On August 31, an MH-60S Seahawk helicopter crashed into the USS Abraham Lincoln while on landing approach. A new report indicates the aircraft was violently shaking side to side. This could be due to an imbalance in the rotor blades, making the main rotor hit the deck of the carrier, according to the Department of Defense.

Out of the five sailors who died in the crash, one was rescued. Another five sailors on the carrier were injured and were treated either onboard the ship or flown to a nearby San Diego hospital.

Search and rescue teams were deployed to search for the bodies of the fallen sailors, however, they remain missing and the search was called off.

“We are deeply saddened by the loss of five Sailors and those injured following the MH-60S helicopter tragedy off the coast of Southern California,” Chief of Naval Operations Adm. Mike Gilday said. 

‘We stand alongside their families, loved ones, and shipmates who grieve.’   

He added:

“As a matter of respect for the families and in accordance with Navy policy, the identities of the Sailors will be withheld until 24 hours after their next of kin have been notified,” Gilday said.   

The sailors have since been identified as Lt. Bradley A. Foster, 29, a pilot from Oakhurst, California; Lt. Paul R. Fridley, 28, a pilot from Annandale, Virginia; Naval Air Crewman (Helicopter) 2nd Class James P. Buriak, 31, from Salem, Virginia; Hospital Corpsman 2nd Class Sarah F. Burns, 31, from Severna Park, Maryland, and Hospital Corpsman 3rd Class Bailey J. Tucker, 21, from St. Louis, Missouri.
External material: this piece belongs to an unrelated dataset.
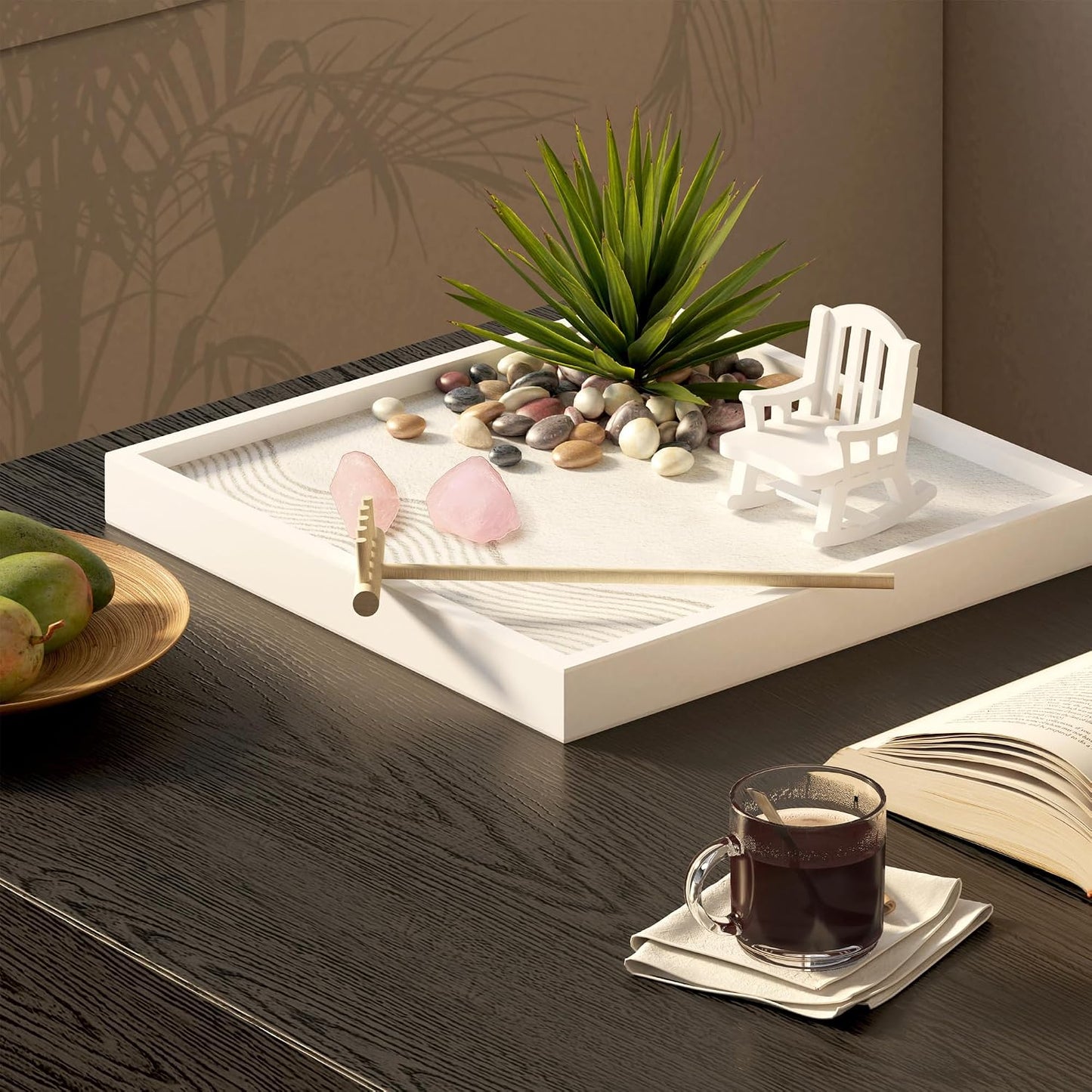 Zen Garden for Desk – White Modern Style with Healing Crystals and Sand Rake, Perfect for Home, Office, and Desktop Decor, Meditation and Stress Relief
US Navy Crash Occurs During Routine Flight

Further, the Aug. 31 crash occurred while the sailors were conducting a routine flight operation. The MH-60S Seahawk is used in combat, rescue operations as well as aiding in natural disasters. The Navy owns about 250 of the helicopters and has used them for missions since 2002. It can travel a range of 250 nautical miles at speeds up to 180 knots.

The flight crew were flying before 4:30 p.m. when the crash happened. It occurred about 60 miles off the coast of California, near San Diego.

Immediately after the crash, Coast Guard search and rescue teams were deployed to the area. While one person on the helicopter was rescued, five others were never found. The teams shifted their efforts from search and rescue to recovery Sept. 4.

Meanwhile, the naval squadron’s spouse group managed to raise $180,000 for the families of the fallen sailors in an effort to help with related expenses.